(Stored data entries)
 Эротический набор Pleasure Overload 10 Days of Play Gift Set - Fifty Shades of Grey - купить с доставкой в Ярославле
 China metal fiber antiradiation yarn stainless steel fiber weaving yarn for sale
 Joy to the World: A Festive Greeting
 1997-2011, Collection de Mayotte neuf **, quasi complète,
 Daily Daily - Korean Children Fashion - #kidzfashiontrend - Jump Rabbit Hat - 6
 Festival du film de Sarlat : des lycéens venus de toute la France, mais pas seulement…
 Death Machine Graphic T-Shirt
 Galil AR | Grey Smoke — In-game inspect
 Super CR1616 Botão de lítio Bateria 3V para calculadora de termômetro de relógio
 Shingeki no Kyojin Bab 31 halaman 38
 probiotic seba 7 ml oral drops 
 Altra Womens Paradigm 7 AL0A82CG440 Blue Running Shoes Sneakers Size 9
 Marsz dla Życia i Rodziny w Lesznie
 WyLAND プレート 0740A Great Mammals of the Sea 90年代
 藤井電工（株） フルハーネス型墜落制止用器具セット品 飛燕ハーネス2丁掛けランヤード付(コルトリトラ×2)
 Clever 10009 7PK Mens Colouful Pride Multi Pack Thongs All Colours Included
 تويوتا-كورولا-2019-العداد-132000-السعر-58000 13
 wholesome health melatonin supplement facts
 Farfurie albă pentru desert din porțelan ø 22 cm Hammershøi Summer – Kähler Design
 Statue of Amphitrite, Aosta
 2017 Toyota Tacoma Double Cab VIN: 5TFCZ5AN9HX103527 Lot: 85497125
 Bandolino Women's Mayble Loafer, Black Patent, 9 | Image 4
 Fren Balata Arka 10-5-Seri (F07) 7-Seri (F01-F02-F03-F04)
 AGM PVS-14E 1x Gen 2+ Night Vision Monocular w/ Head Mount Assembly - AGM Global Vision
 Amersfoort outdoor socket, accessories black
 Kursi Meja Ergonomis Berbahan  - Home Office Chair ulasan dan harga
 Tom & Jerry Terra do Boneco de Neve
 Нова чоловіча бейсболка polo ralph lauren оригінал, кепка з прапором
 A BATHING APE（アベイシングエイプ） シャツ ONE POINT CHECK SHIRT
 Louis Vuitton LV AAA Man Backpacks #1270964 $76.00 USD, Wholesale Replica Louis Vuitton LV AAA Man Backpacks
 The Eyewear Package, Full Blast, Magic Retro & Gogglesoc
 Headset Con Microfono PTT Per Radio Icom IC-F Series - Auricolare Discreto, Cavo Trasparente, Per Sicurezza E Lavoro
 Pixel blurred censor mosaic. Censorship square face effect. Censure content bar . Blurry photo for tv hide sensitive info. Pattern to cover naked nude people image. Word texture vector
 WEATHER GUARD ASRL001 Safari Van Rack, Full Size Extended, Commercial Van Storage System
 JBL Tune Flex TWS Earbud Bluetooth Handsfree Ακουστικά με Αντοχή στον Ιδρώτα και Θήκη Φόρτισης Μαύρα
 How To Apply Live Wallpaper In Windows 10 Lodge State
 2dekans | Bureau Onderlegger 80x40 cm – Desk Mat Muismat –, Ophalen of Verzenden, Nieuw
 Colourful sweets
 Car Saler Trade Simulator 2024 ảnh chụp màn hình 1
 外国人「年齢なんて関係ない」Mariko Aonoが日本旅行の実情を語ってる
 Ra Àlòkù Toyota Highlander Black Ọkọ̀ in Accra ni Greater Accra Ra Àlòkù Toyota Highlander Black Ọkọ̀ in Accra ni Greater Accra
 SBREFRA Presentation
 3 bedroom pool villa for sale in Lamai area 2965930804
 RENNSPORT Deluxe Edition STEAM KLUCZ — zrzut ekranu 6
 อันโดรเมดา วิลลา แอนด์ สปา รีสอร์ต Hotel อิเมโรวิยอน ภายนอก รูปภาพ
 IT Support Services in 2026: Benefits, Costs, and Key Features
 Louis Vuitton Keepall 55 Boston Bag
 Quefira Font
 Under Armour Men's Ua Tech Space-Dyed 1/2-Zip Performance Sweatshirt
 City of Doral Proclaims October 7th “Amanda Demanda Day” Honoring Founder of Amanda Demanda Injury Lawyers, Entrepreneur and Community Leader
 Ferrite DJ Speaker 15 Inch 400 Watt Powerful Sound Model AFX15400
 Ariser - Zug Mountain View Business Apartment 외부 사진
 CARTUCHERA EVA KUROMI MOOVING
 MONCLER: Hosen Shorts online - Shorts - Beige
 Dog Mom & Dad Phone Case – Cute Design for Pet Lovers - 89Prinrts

> **WHAT IS BEING ASKED**: Among the entries, how many lines hold the word "Size"? Please answer with only that number.

> **RESULT**: 2